**PROBLEM STATEMENT:**
Starting with the first line of the material, reproduce exactly each line up to and including the one that contains "Beanie Hat for", leaving out every picture.

(RECORDS TO USE)

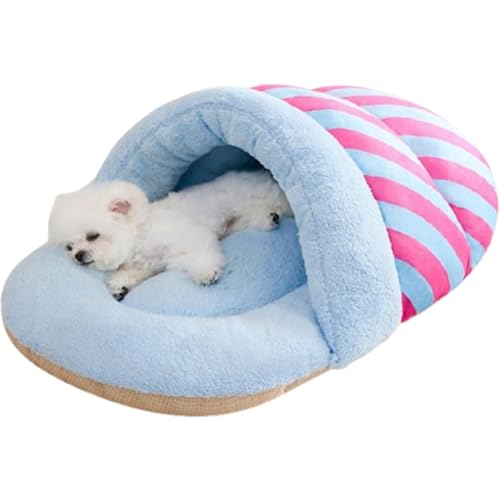 Plüsch Katzenbett Höhle, Katzenhaus Bett - Plüsch Hausschuhe Katze Schlafhaus | Cordstoff Kleines Katzenhaus Indoor für Kaninchen, Katzen, Hunde und andere Kleintiere von ノーブランド品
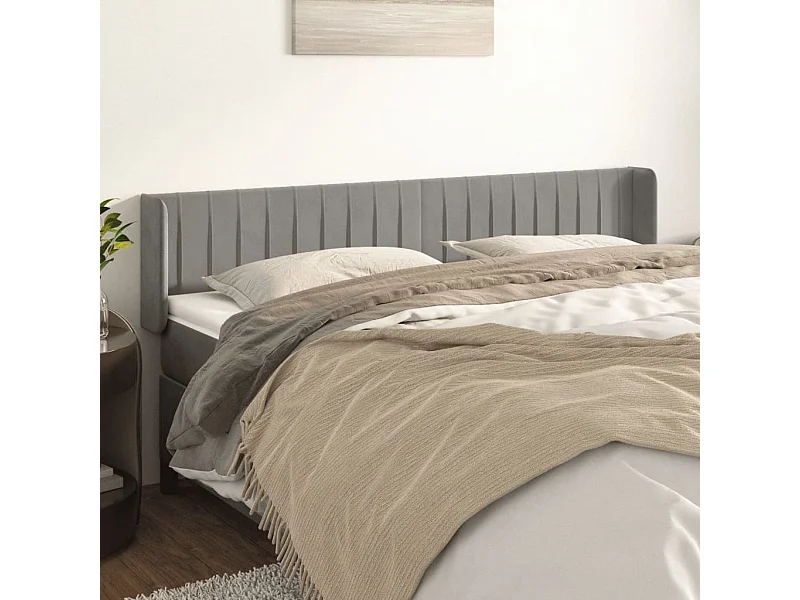 Mueble cabecero | Cabezal de cama | Cabecero de terciopelo gris claro 163x16x78/88 cm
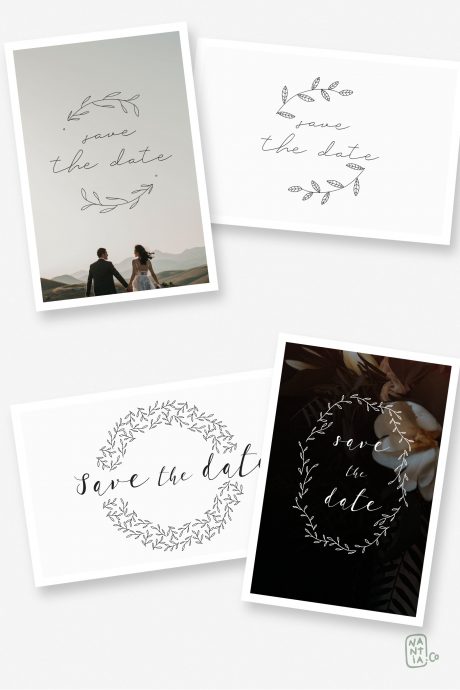 Save The Date Premade Wreath Logos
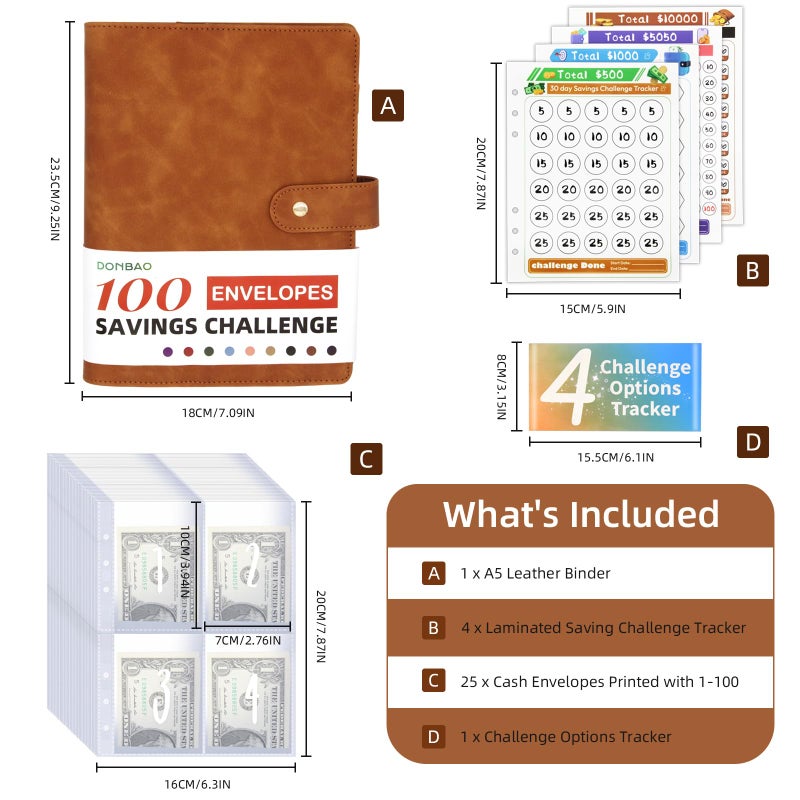 DONBAO 100 Envelopes Money Saving Challenge Binder  A5 Budget Binder with Envelopes and Challenge Tracker  Savings Challenges Planner Book to Save $500  $1000  $5050  $10000 (Brown) - Image 3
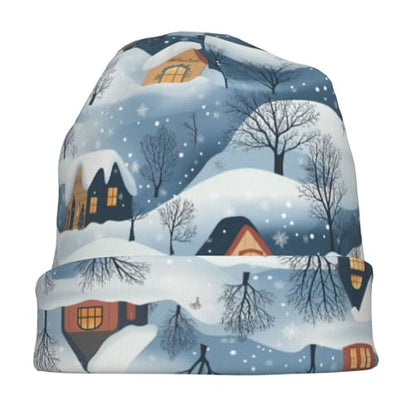 Beanie Hat for Men Women Slouchy Beanie Skull Sleep Cap Soft Lightweight Chemo Hat Stretch Cancer Headwear - color: Winter Village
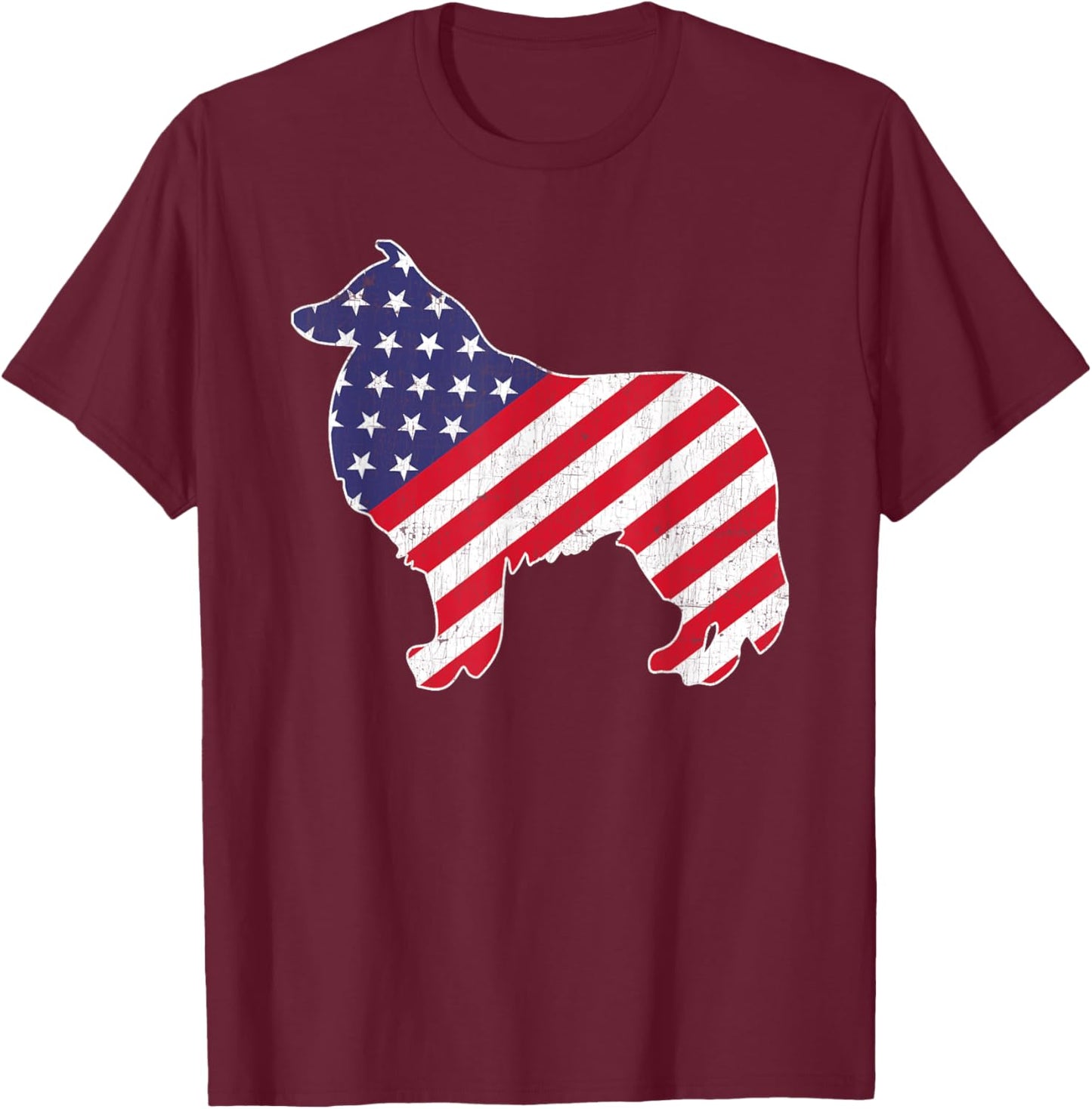 Vintage Rough Collie Dog 4th of July Patriotic American Flag T-Shirt - T-Shirt | Maroon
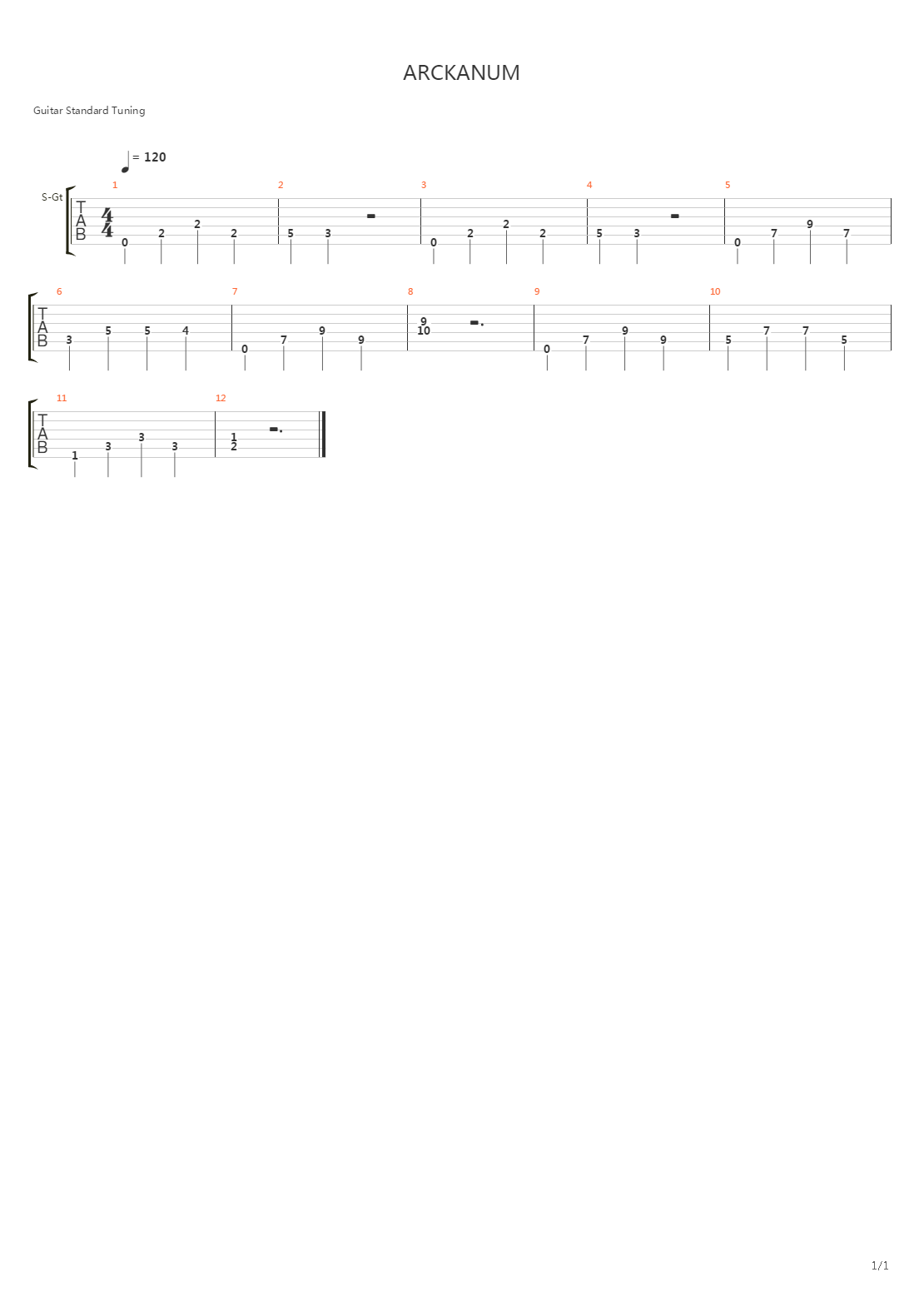 Rok吉他谱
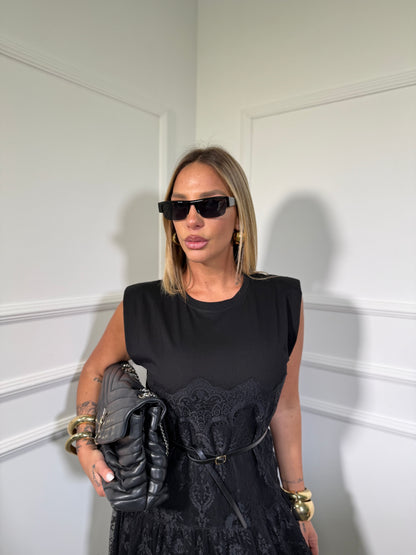 Abito midi in pizzo con spalline Sharon nero 3340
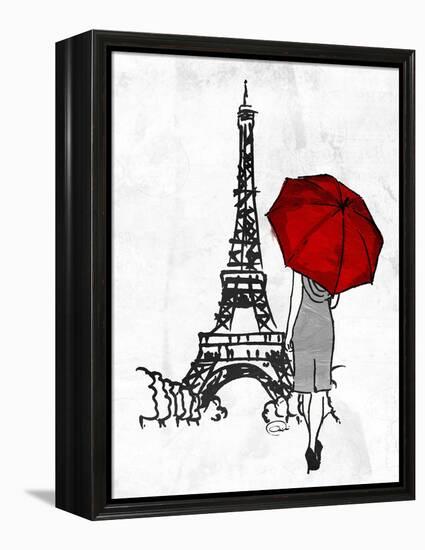 Inked Walk Away Mate Red Umbrella-OnRei-Framed Stretched Canvas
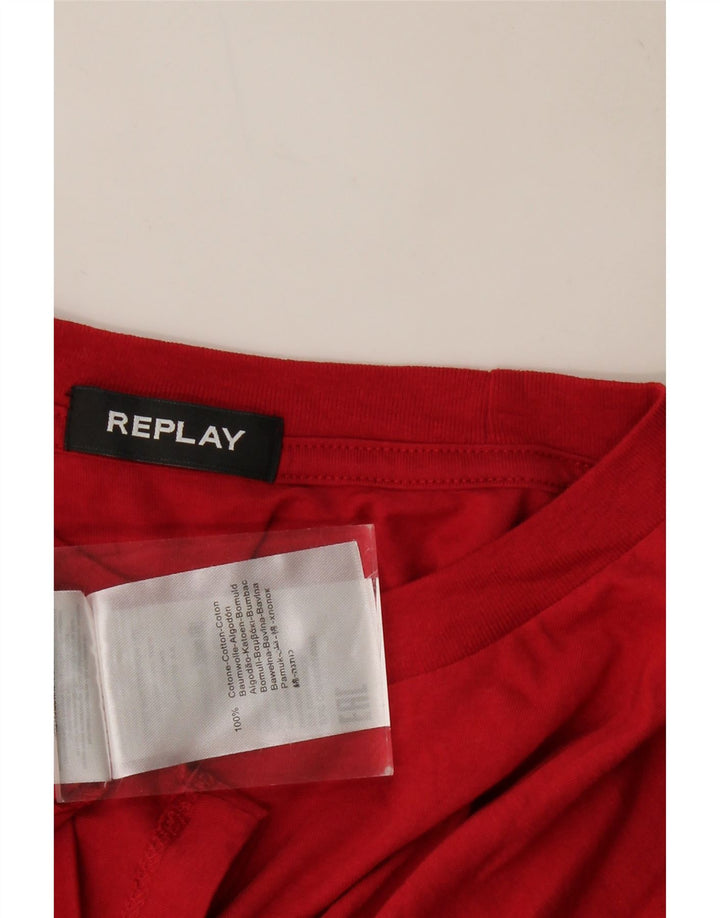 REPLAY Mens Graphic T-Shirt Top Medium Red Cotton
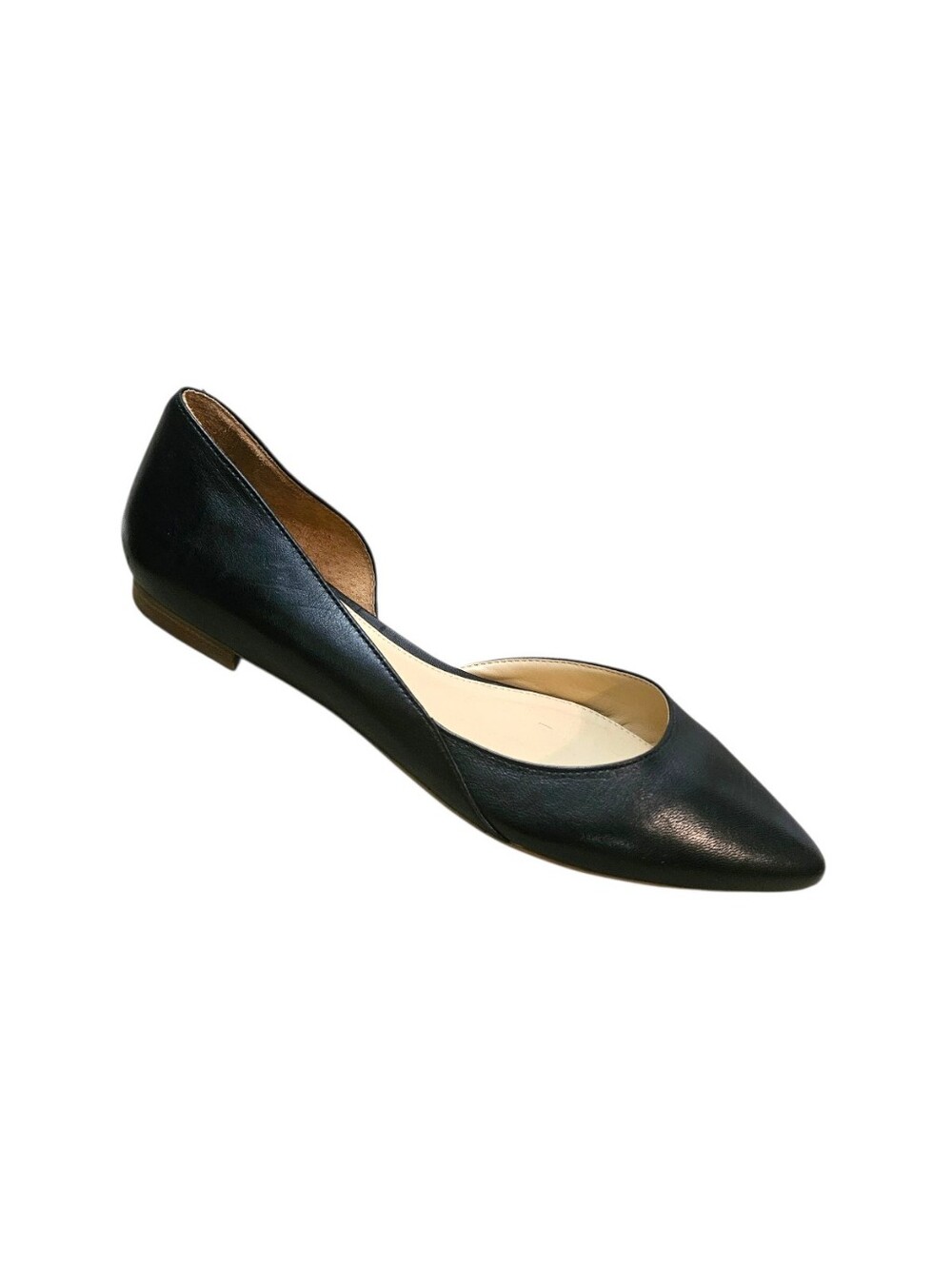 Marc Fisher LTD Sunny Half d' Orsay Flats Women 9.5 Black Leather Pointy Toe - Picture 2 of 11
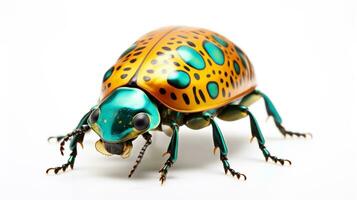 AI generated Photo of Tortoise Beetle isolated on white background. Generative AI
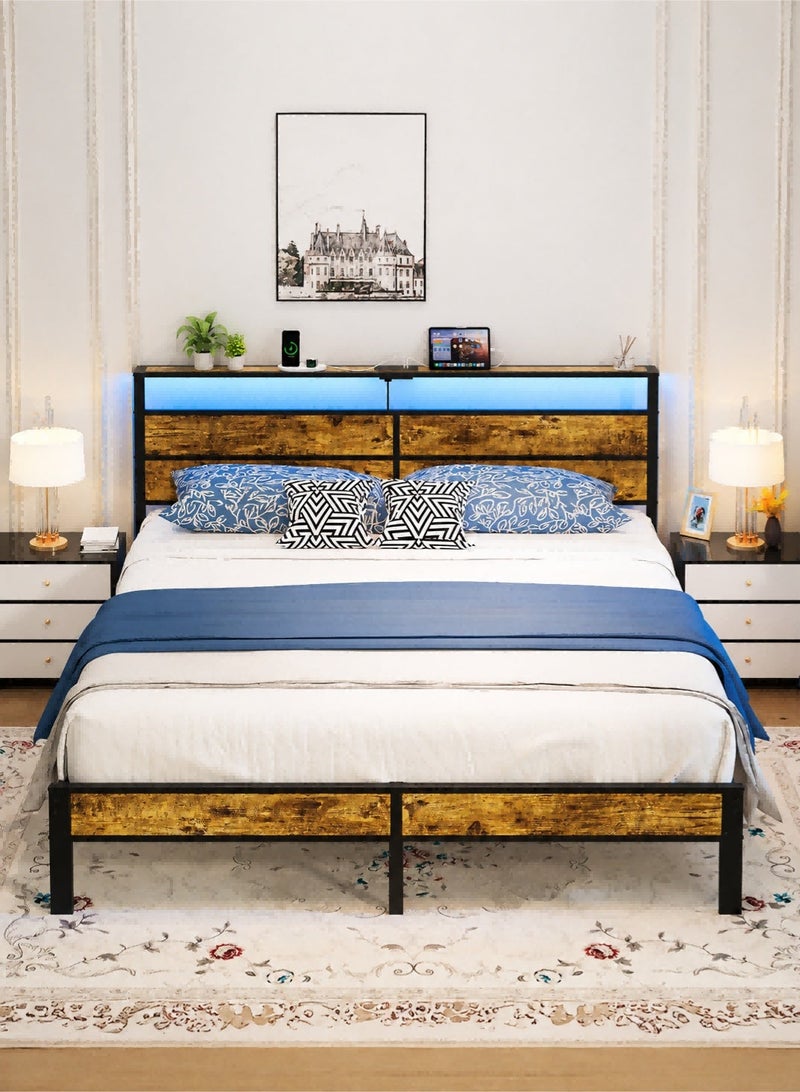 Yanara Queen Size Bed Frame with USB Type-C Charging Station Headboard, Smart LED Lights, Metal Platform Noise Free, No Box Spring Needed, Easy Assembly, 160cm*200cm - Image 1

(End RECORDS TO USE)

**EXERCISE OUTPUT:**
 Plüsch Katzenbett Höhle, Katzenhaus Bett - Plüsch Hausschuhe Katze Schlafhaus | Cordstoff Kleines Katzenhaus Indoor für Kaninchen, Katzen, Hunde und andere Kleintiere von ノーブランド品
 Mueble cabecero | Cabezal de cama | Cabecero de terciopelo gris claro 163x16x78/88 cm
 Save The Date Premade Wreath Logos
 DONBAO 100 Envelopes Money Saving Challenge Binder  A5 Budget Binder with Envelopes and Challenge Tracker  Savings Challenges Planner Book to Save $500  $1000  $5050  $10000 (Brown) - Image 3
 Beanie Hat for Men Women Slouchy Beanie Skull Sleep Cap Soft Lightweight Chemo Hat Stretch Cancer Headwear - color: Winter Village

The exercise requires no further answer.